- **Your assignment**:
Write out the line that has "Hi, everyone, and" in it, along with each line that comes after it until the listing ends, and add nothing.

- **Extracted data**:
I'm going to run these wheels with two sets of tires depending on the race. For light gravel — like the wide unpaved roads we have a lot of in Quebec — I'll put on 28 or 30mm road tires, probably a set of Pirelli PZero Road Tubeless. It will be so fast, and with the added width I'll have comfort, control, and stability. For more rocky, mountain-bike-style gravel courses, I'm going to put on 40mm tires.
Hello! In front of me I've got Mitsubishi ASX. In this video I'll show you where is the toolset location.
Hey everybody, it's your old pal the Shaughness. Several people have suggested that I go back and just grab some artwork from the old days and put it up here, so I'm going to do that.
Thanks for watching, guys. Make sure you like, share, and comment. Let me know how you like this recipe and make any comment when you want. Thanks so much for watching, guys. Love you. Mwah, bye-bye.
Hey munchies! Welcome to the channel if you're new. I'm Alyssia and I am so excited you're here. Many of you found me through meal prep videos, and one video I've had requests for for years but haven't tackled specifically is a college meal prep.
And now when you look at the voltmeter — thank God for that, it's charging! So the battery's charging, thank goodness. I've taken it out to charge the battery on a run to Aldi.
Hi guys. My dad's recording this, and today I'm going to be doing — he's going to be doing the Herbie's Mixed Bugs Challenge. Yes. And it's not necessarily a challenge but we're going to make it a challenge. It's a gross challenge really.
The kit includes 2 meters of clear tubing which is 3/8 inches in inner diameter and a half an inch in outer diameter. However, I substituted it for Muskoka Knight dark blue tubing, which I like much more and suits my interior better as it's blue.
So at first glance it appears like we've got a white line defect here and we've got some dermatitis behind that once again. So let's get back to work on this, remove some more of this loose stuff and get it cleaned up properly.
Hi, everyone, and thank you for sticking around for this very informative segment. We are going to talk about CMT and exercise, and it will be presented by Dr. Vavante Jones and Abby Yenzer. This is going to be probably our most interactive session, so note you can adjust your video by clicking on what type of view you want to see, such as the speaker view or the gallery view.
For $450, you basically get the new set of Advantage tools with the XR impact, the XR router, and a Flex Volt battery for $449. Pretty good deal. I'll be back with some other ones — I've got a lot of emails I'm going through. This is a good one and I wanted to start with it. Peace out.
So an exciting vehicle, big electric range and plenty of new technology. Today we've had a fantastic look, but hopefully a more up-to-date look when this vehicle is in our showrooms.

- **Answer for the task**:
Hi, everyone, and thank you for sticking around for this very informative segment. We are going to talk about CMT and exercise, and it will be presented by Dr. Vavante Jones and Abby Yenzer. This is going to be probably our most interactive session, so note you can adjust your video by clicking on what type of view you want to see, such as the speaker view or the gallery view.
For $450, you basically get the new set of Advantage tools with the XR impact, the XR router, and a Flex Volt battery for $449. Pretty good deal. I'll be back with some other ones — I've got a lot of emails I'm going through. This is a good one and I wanted to start with it. Peace out.
So an exciting vehicle, big electric range and plenty of new technology. Today we've had a fantastic look, but hopefully a more up-to-date look when this vehicle is in our showrooms.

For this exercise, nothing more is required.